▶ **Data for the task**:
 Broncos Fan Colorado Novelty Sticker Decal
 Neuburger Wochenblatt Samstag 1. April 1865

...

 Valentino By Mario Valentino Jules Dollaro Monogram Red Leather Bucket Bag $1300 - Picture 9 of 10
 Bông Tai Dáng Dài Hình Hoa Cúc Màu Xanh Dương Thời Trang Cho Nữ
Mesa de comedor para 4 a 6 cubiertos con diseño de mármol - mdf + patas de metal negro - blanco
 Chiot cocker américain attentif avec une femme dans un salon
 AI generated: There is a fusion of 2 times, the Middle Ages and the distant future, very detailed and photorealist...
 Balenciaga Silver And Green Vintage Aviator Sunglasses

▶ **What to work on**: From the records above, retype only the lines starting at the line that contains "Valentino By Mario" and ending at the line that contains "Balenciaga Silver And", both included.

▶ **Reply**:
 Valentino By Mario Valentino Jules Dollaro Monogram Red Leather Bucket Bag $1300 - Picture 9 of 10
 Bông Tai Dáng Dài Hình Hoa Cúc Màu Xanh Dương Thời Trang Cho Nữ
Mesa de comedor para 4 a 6 cubiertos con diseño de mármol - mdf + patas de metal negro - blanco
 Chiot cocker américain attentif avec une femme dans un salon
 AI generated: There is a fusion of 2 times, the Middle Ages and the distant future, very detailed and photorealist...
 Balenciaga Silver And Green Vintage Aviator Sunglasses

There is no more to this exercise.